Die Diskussionen an manchen Gemeinschaftsschulen, ab Klasse 8 äußere Differenzierungen einzuführen, waren auch ohne die Neuwahlen virulent. Ob das grün-rote Ministerium Stand gehalten hätte und auf den Verzicht äußerer Differenzierung bestanden hätte, ist die Frage. Die Gemeinschaftsschulen, für die dieser Innovationsschritt zu groß ist, werden jetzt ab 8 auf äußere Fachleistungsdifferenzierung setzen. In der grün-schwarzen Koalitionsvereinbarung wurde ermöglicht, entsprechende Gruppen zu bilden und den offenen, alternativ zum gebundenen Ganztag einführen. Es wird also Gemeinschaftsschulen geben, die jetzt die Möglichkeit haben, wichtige strukturelle, pädagogische und didaktische Profilelemente der Gemeinschaftsschule in Richtung stärkere äußerer Differenzierung zu verändern.

Im Gymnasium gibt es keine gravierenden Veränderungen; es bleibt bei G8. Nur die 44 G9 Modellschulen werden weitergeführt. Parallel zur Gemeinschaftsschule wird die Realschule deutlich gestärkt. Sie erhält zusätzliche Ressourcen und kann sich zwischen offener und gebundener Ganztagsschule entscheiden. Sie führt, wie bereits von der alten Landesregierung beschlossen, nun auch zum Hauptschulabschluss. In den Jahrgängen 5 und 6 arbeitet sie ohne äußere Differenzierung und bildet ab Jahrgang 7 abschlussbezogene Klassen. Die Realschulen bekommen die Möglichkeit nun auch ganz offiziell auf dem erweiterten (gymnasialen) Niveau Schülerinnen und Schüler zu unterrichten.

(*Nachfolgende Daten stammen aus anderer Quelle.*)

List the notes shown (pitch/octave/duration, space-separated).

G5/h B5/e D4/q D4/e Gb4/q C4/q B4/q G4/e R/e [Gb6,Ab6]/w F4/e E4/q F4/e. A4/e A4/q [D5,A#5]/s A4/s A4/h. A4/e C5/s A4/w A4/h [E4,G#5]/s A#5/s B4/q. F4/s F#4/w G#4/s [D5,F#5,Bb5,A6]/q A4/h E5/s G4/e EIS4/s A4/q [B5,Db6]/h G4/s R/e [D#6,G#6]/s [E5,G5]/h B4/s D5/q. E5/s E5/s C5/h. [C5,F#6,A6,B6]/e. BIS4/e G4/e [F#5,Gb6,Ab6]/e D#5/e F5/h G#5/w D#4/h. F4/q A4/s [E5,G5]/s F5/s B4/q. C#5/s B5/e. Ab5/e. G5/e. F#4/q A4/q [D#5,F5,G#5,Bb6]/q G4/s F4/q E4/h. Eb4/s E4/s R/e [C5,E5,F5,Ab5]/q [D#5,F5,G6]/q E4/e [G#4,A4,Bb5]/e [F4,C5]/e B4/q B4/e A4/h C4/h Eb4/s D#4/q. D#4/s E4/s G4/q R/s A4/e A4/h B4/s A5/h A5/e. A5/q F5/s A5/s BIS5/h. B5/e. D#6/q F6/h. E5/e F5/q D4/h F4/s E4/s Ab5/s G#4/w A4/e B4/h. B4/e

Wer auf die Idee kommt, dass die Realschule eigentlich eine Form der kooperativen Gesamtschule ist, der hat nicht ganz Unrecht. Mit der Möglichkeit der Kursbildung in drei Fächern ab Klasse 8 bzw. abschlussbezogener Klassen ab 7 nähern sich die zwei Schularten stark dem System der alten Gesamtschulen in BW. Interessanterweise bewegt sich jetzt die Staudinger Gesamtschule in Freiburg aber genau in der entgegengesetzten Richtung: Voll integrierter Unterricht von Klasse 5 bis 10!

Die Stärkung der Realschule mit Konzeptelementen aus dem Gemeinschafts- und Gesamtschulkontext kann durchaus eine Schwächung der Gemeinschaftsschule bedeutet. Das scheinbare „Alternativmodell“ Realschule wird voraussichtlich bei vielen Beteiligten (Eltern und Lehrkräften) eine hohe Zugkraft entwickeln.

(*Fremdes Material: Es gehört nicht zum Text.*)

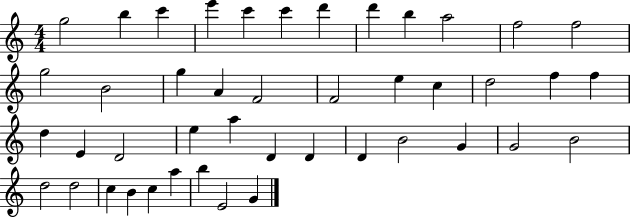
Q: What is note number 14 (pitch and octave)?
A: B4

So moderat die Ergebnisse der Koalitionsverhandlung sind, so wichtig wird es sein, genau darauf zu schauen, wie die Umsetzung im Kultusministerium gestaltet wird. Auch das ist seit heute (02.05.16) klar: das Kultusministerium wird nach vier Jahren mit einem Kultusminister, der von der SPD gestellt wurde, wieder in der Hand der CDU sein. Als Kultusminister bzw. -ministerin werden unterschiedliche Namen gehandelt und entsprechend unterschiedlich sind die Befürchtungen dazu, wie auf die Gemeinschaftsschulen eingewirkt wird, welche Entwicklungschancen oder –blockaden sie erfahren werden.

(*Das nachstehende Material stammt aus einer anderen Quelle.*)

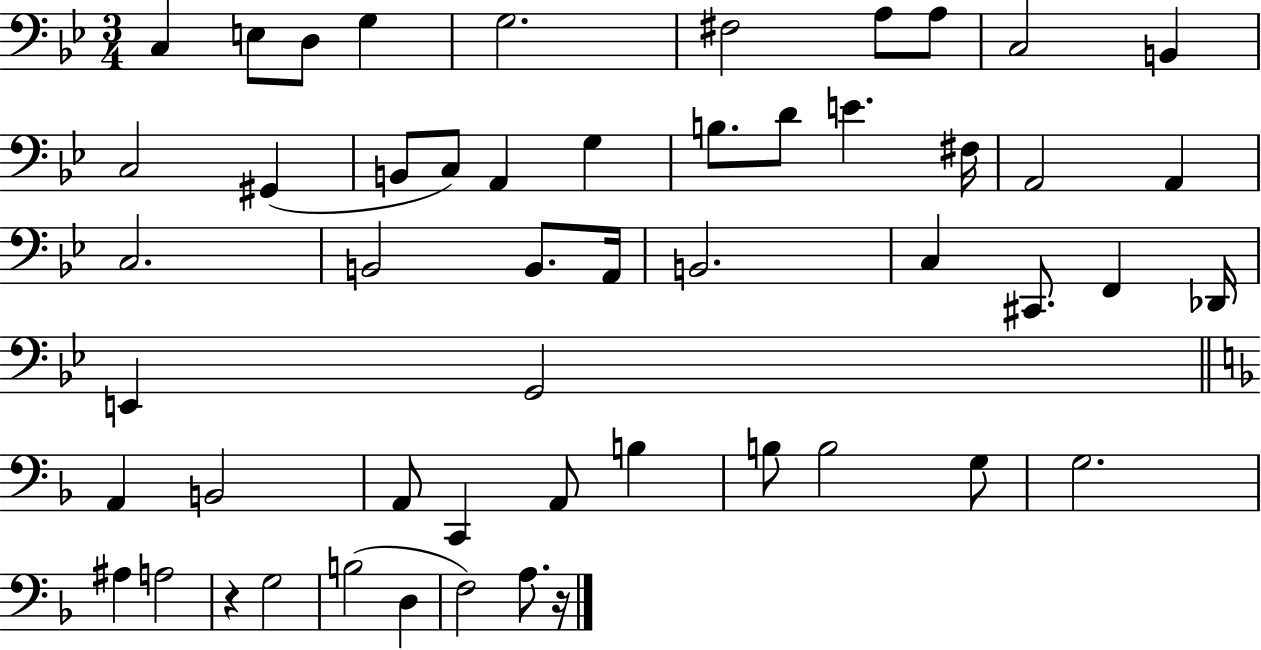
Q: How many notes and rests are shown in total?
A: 52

Und zum Schluss noch ein Literaturtipp: Sehr interessant sind die Ergebnisse der Studie von Thorsten Bohl u.a. zur Gemeinschaftsschule. Schon jetzt ist deutlich, dass es einige sehr erfolgreiche Gemeinschaftsschulen gibt und das Konzept trägt. Thorsten Bohl und das Forscherteam haben präzise identifiziert, was gute Gemeinschaftsschulen ausmacht. Wir werden darüber ausführlich in der nächsten Ausgabe berichten.

Bohl, Thorsten & Wacker, Albrecht (Herausgeber) (2016). Die Einführung der Gemeinschaftsschule in Baden-Württemberg: Abschlussbericht der wissenschaftlichen Begleitforschung (WissGem). Münster: Waxmannverlag.